Namun, Mbak Wali—sapaan akrab Vinanda—justru menunjukkan kepemimpinan yang berani dan konsisten. Ia tidak takut popularitasnya menurun, asalkan kebijakan yang diambil berpihak pada kepentingan publik secara luas. Bukan untuk menyingkirkan PKL, tapi untuk menata mereka agar tidak menyalahi aturan dan mengganggu kepentingan pengguna jalan lainnya.
Trotoar adalah hak bersama. Ketika disulap menjadi bangunan tetap, maka fungsi utamanya sebagai ruang publik hilang. Kota menjadi semrawut, lalu lintas terganggu, dan pemandangan kota kehilangan keindahannya.
Tantangan terbesar saat ini adalah menciptakan sistem yang mendukung keberlangsungan PKL tanpa merugikan warga lainnya. Ada tiga skema yang bisa diterapkan:
Relokasi ke tempat khusus yang dirancang ramah bagi PKL,
Pemberian izin terbatas di zona tertentu dengan pengawasan ketat,
Pendataan dan pembinaan melalui koperasi atau pelatihan kewirausahaan, agar para PKL naik kelas dan punya usaha yang lebih mapan.
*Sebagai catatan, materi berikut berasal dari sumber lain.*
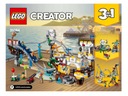 LEGO ИНСТРУКЦИИ - Американские горки Creator Pirate 31084 2018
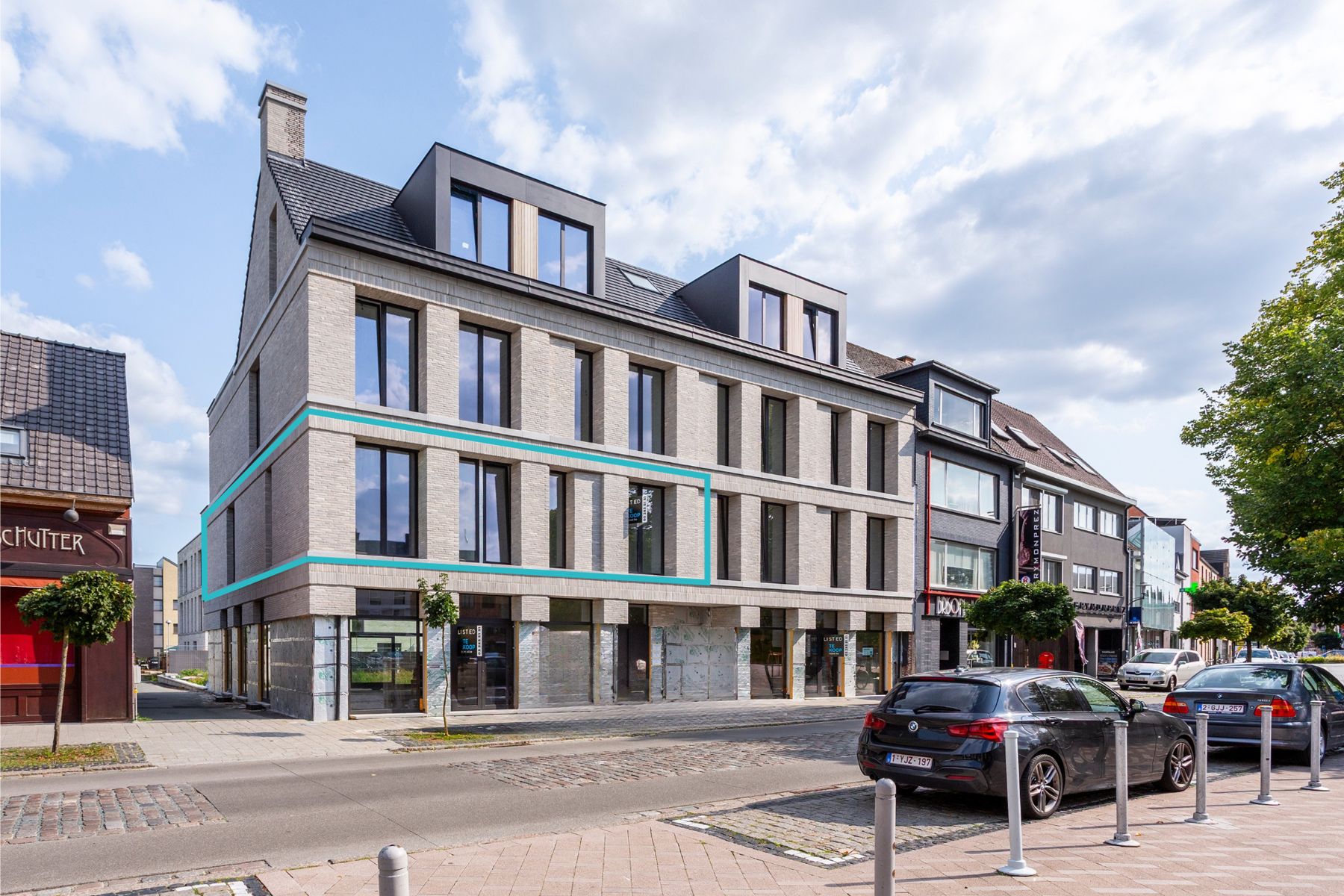 Nieuwbouw 3-slaapkamerappartement in hartje Wommelgem foto {{pictureIndex}}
Di Kota Kediri, sejauh ini belum ada tempat relokasi khusus yang ideal bagi PKL. Harapannya, di bawah duet kepemimpinan Mbak Wali dan Gus Qowim, langkah-langkah konkret seperti ini bisa segera terwujud. Bukan hanya menertibkan, tetapi juga memberikan solusi dan memberdayakan.
Perlu diakui, menertibkan PKL adalah uji nyali. Ada tekanan sosial karena PKL kerap dianggap simbol ekonomi rakyat kecil. Ada resistensi politik karena keberadaan PKL sering dipolitisasi menjelang pemilu. Tapi jika dibiarkan, akan tercipta ketidakadilan dan ketidakteraturan yang lebih besar.
Pemimpin yang kuat bukan hanya bisa menyenangkan semua pihak, tetapi juga berani mengambil kebijakan tidak populer demi kebaikan jangka panjang. Dan Vinanda Prameswati sudah membuktikan itu.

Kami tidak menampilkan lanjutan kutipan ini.